Siegen Hauptbahnhof is the main station of the town of Siegen, in the German state of North Rhine-Westphalia. It is in close to the modern centre of Siegen, which includes the bus station and the Sieg Carré and City Galerie shopping centres.

History 
The station was opened on 10 January 1861 simultaneously with the opening of the branch line from Siegen to Betzdorf, now part of the Sieg Railway. The Altena–Siegen section of the Ruhr–Sieg line was opened in August 1861.

Jews were deported from Siegen station from 1942 to 1944. This is recalled on a plaque on track 3.

Services 

Today the station has six platform tracks. Track 1 (a dock platform) and track 2 are next to the main station building. The other four tracks are located on the island platform, a through platform and a terminating platform on each side of the platform. Platforms are 38 cm high and the maximum usable length of platforms varies from 118 to 344 m. The station is not wheelchair accessible and has no lifts or escalators. It is planned to modernise the station at a cost of €11.4 million, with work due to be carried out between 2013 and 2017.
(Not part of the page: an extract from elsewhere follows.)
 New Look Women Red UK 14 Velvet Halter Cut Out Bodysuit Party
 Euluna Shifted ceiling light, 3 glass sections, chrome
The Siegen station is a transport node and connects with the Siegen bus network.

Regional services 
The following regional services serve the station:

Long distance services 
Between 13 December 2009 and 10 December 2011, a EuroCity service ran every morning from Siegen via Giessen, Frankfurt, Stuttgart, Munich and Salzburg to Klagenfurt. One carriage runs directly to Zagreb. The return service from Croatia / Klagenfurt reached Siegen at 21:57. This service was initially limited to two years and was not extended.

Other facilities 

In the station there is a DB travel centre, a McDonald's, a restaurant and a newsstand.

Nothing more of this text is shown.